| Problem to solve |
Report all lines below with the word "herren".

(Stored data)
Segment Open
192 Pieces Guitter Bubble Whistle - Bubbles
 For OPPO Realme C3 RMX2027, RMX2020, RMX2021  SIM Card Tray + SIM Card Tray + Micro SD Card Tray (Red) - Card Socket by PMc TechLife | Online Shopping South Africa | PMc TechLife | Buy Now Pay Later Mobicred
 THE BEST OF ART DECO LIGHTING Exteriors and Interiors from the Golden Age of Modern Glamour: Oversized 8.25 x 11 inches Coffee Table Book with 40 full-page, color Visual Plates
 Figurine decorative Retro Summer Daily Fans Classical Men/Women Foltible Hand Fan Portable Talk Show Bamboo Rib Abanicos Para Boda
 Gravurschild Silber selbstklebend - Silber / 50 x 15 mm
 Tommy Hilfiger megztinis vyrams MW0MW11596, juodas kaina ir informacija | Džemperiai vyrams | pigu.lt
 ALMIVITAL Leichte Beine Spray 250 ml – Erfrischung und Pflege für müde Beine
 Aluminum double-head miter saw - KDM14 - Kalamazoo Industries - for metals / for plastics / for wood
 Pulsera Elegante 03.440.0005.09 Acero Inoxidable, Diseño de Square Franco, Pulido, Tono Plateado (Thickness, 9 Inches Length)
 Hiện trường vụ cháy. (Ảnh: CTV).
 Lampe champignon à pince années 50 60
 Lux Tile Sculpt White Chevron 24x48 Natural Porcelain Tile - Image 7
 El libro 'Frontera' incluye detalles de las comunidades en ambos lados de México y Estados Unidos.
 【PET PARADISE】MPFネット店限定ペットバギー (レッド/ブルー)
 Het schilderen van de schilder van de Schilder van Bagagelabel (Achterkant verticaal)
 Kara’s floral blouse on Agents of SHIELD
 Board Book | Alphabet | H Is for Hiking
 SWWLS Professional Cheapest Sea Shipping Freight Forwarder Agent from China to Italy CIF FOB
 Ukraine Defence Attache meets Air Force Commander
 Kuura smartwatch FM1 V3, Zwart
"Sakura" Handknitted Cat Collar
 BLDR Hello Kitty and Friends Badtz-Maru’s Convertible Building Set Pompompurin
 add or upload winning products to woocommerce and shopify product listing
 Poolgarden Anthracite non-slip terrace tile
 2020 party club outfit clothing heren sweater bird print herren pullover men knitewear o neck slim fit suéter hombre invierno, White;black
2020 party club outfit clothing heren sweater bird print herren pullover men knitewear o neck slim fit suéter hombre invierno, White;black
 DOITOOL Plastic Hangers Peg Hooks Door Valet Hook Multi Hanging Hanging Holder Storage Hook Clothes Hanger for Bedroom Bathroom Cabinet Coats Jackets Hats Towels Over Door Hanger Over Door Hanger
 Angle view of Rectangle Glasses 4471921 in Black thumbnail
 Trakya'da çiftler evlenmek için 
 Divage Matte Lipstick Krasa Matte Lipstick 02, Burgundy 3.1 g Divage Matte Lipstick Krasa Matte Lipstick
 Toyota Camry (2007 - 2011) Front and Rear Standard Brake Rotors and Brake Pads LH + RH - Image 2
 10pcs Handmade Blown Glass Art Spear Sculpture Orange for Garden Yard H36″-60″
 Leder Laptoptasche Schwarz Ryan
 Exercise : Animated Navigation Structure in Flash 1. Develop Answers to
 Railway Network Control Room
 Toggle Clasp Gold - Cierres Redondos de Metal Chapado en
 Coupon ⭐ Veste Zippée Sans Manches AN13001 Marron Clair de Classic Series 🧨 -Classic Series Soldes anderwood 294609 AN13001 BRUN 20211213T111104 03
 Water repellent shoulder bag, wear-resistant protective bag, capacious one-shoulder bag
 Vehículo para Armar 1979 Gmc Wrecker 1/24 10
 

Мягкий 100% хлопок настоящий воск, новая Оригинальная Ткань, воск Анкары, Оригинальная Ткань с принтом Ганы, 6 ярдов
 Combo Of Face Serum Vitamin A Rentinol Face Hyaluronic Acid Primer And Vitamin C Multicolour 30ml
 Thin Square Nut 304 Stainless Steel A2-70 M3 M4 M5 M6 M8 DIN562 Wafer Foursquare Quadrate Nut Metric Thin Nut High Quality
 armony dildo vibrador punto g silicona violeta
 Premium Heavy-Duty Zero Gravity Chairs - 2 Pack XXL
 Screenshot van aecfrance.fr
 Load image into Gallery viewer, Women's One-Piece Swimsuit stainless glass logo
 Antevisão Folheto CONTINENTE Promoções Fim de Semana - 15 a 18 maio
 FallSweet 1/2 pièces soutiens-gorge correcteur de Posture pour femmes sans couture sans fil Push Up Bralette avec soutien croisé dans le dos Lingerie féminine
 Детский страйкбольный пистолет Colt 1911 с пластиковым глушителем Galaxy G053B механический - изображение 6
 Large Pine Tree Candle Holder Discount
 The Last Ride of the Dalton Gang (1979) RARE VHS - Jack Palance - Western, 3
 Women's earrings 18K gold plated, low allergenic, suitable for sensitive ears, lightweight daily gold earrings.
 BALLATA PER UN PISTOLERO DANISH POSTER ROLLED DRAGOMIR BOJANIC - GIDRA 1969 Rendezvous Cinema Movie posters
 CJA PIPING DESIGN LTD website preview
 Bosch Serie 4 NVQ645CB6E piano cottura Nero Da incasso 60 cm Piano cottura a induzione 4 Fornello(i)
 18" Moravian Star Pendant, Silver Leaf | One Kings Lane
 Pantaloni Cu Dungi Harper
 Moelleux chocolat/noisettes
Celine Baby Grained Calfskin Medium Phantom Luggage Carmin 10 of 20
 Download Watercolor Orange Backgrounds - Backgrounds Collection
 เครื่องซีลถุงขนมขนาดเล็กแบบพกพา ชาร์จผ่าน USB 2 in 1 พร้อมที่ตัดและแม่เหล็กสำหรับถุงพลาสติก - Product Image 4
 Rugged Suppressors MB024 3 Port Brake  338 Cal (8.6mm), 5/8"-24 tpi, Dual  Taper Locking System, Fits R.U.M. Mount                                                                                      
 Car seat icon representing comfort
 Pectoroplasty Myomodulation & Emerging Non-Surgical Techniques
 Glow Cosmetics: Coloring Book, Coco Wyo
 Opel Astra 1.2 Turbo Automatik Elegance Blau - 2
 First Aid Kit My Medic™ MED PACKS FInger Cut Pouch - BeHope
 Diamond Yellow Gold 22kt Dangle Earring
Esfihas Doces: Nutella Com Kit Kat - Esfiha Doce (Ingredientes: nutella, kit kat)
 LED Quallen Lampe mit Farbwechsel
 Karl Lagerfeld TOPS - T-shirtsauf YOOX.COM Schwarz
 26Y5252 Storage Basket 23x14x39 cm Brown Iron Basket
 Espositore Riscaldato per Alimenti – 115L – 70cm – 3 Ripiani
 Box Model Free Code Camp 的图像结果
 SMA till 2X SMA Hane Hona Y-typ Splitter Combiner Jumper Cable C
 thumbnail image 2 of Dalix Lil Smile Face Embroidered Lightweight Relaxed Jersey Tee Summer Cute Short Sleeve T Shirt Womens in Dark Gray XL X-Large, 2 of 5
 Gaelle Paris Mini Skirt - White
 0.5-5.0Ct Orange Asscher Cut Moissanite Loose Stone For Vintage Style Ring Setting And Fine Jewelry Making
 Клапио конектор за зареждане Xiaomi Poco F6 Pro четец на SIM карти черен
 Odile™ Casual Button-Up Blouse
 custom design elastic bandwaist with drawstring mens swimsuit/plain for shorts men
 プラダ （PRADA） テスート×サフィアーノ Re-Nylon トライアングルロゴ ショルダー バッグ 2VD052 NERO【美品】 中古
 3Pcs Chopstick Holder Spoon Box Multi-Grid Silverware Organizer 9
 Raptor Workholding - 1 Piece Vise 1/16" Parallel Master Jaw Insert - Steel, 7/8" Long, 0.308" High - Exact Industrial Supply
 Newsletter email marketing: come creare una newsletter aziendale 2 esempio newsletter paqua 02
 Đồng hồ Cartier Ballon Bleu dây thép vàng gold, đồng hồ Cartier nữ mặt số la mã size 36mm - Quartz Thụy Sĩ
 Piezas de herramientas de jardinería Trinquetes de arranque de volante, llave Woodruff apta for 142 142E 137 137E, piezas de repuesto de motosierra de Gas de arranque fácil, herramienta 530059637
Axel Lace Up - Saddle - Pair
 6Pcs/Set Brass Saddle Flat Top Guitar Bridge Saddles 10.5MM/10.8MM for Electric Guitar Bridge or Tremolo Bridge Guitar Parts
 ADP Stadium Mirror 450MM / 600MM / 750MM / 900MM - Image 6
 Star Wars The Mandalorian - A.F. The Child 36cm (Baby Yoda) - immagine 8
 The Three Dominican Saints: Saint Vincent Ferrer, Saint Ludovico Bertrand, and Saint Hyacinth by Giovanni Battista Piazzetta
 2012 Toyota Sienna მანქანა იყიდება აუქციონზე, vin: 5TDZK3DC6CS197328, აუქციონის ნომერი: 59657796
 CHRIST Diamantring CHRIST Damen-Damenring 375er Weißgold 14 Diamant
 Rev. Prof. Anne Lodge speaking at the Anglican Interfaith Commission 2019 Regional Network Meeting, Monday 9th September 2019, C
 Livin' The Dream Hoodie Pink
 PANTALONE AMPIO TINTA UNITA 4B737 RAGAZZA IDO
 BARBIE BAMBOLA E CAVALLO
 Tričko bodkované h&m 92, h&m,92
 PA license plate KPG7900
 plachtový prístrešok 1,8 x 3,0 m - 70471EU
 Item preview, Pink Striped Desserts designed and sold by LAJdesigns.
Segment Closed
| Reply |
 2020 party club outfit clothing heren sweater bird print herren pullover men knitewear o neck slim fit suéter hombre invierno, White;black
2020 party club outfit clothing heren sweater bird print herren pullover men knitewear o neck slim fit suéter hombre invierno, White;black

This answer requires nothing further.